The Michigan Department of Natural Resources is on board with that decision and fully endorses the theme of this year’s campaign: “Ready, Set, Wear It.”
“One of our biggest concerns is making sure people understand the importance of wearing PFDs (personal flotation devices),” said Lt. Andrew Turner, the DNR’s boating law administrator. “The Coast Guard estimates that 80 percent of boating fatalities could be prevented by wearing life jackets.”
Though all boaters are required to have PFDs on board for all boat passengers, generally only those younger than 6 years old are required to actually wear them.
“In an emergency, people don’t have time to find them and get them on,” Turner said. “Today’s PFDs are not the old bulky orange vests that everybody remembers as a kid. Now they’re lighter and more comfortable. They’re designed to be worn all the time. There are inflatables available now that are very low-profile, comfortable and suitable for many activities.”
Many, but not all activities, Turner continued. Personal watercraft operators – or people being towed behind vessels, such are skiers – are required by state law to wear a U.S. Coast Guard-approved PFD, but inflatables are not approved for those and some other uses.
Boating is getting safer in Michigan, Turner said. Last year there were 20 fatal accidents – resulting in 22 fatalities – down from 32 fatalities five years earlier.
“I think we can directly link that trend to boating safety training,” Turner said.
A state law, passed in 2012, requires that anyone born after July 1, 1996, is required to attend (and be certified in) safe boating training in order to operate a motorboat. The change in the law – which once required only those younger than 16 years of age to be safety-trained – means that over time everyone who operates a motorboat will have received the training.
“The leading age group for boating accidents is people in their 50s,” Turner said. “We wouldn’t think of letting someone drive a car without driver’s education, but many people simply don't consider getting boater's safety training before operating a vessel.”
Boating safety training is available from a number of sources, including the DNR, which partnered with the Michigan Boating Industries Association to hold classes at the Detroit Boat Show this year. Training is also available through county sheriffs’ departments (82 of Michigan’s 83 counties offer the training through their marine programs), volunteer groups, and online.

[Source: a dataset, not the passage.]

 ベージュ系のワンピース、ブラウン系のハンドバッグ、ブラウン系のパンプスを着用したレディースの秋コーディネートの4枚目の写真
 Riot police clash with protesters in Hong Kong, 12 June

The online option makes it easy for anyone, Turner said.
“There are two great programs – boat-ed.com and boaterexam.com – that allow people to earn their safety certification completely online,” Turner said. “Students can print their certificates when they successfully complete the course. There is a fee, but most people don’t mind paying it because of the convenience.”
Turner said boaters should familiarize themselves with safety equipment and make sure they have it and it is in good working order. Boats with a permanently installed fuel tank or enclosed compartments are required to have a fire extinguisher on board, for instance. The DNR also recommends that boaters have a marine radio – or at least a cell phone – to use if their vessel becomes disabled or they otherwise need assistance.

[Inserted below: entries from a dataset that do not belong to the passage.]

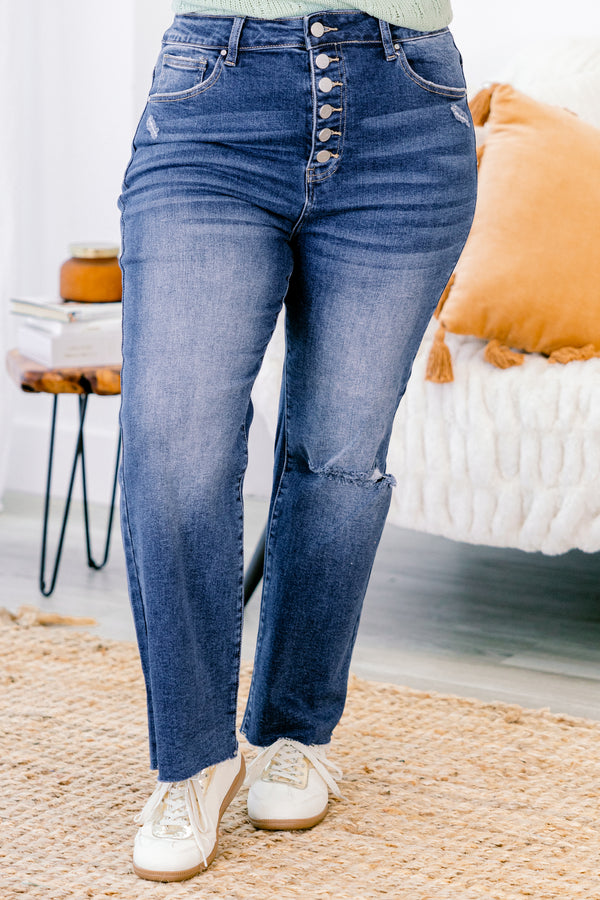 Chic Soul plus size clothing, Dark wash distressed jeans with a whole on the left knee and buttons instead of a zipper 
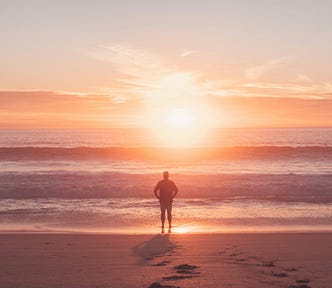 A calm person stands on the beach looking out to sea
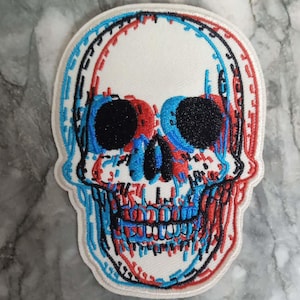 Peut inclure: Écusson brodé en forme de crâne avec un effet 3D. Le crâne présente des coutures rouges, bleues et noires sur un fond blanc. Le patch a un design unique et superposé, idéal pour les vêtements ou accessoires.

Boating under the influence remains a big issue for Michigan as well as the rest of the country.
“It’s a serious concern,” said Turner, noting that about 10 percent of boating accidents list alcohol as a contributing factor. “Just as it is with motor vehicles, it’s dangerous and unlawful to operate a vessel under the influence."
Turner said boaters should also keep a sharp eye out, and be aware that there are increasingly more personal watercraft (PWC) out on the water. PWCs, which make up only about 8 percent of the registered boats in Michigan, are involved in roughly a third of boating accidents.
“PWCs are fast, very maneuverable and can turn on a dime," Turner said. "The operational characteristics of PWCs vary a great deal from traditional vessels and this underscores the importance of training,” Turner said.
Michigan is about as big a boating state as there is, Turner said.
“We’re second only to Florida in terms of the number of registered vessels,” he said. “We have tremendous resources. We want people to enjoy those resources – but we want them to do it safely.”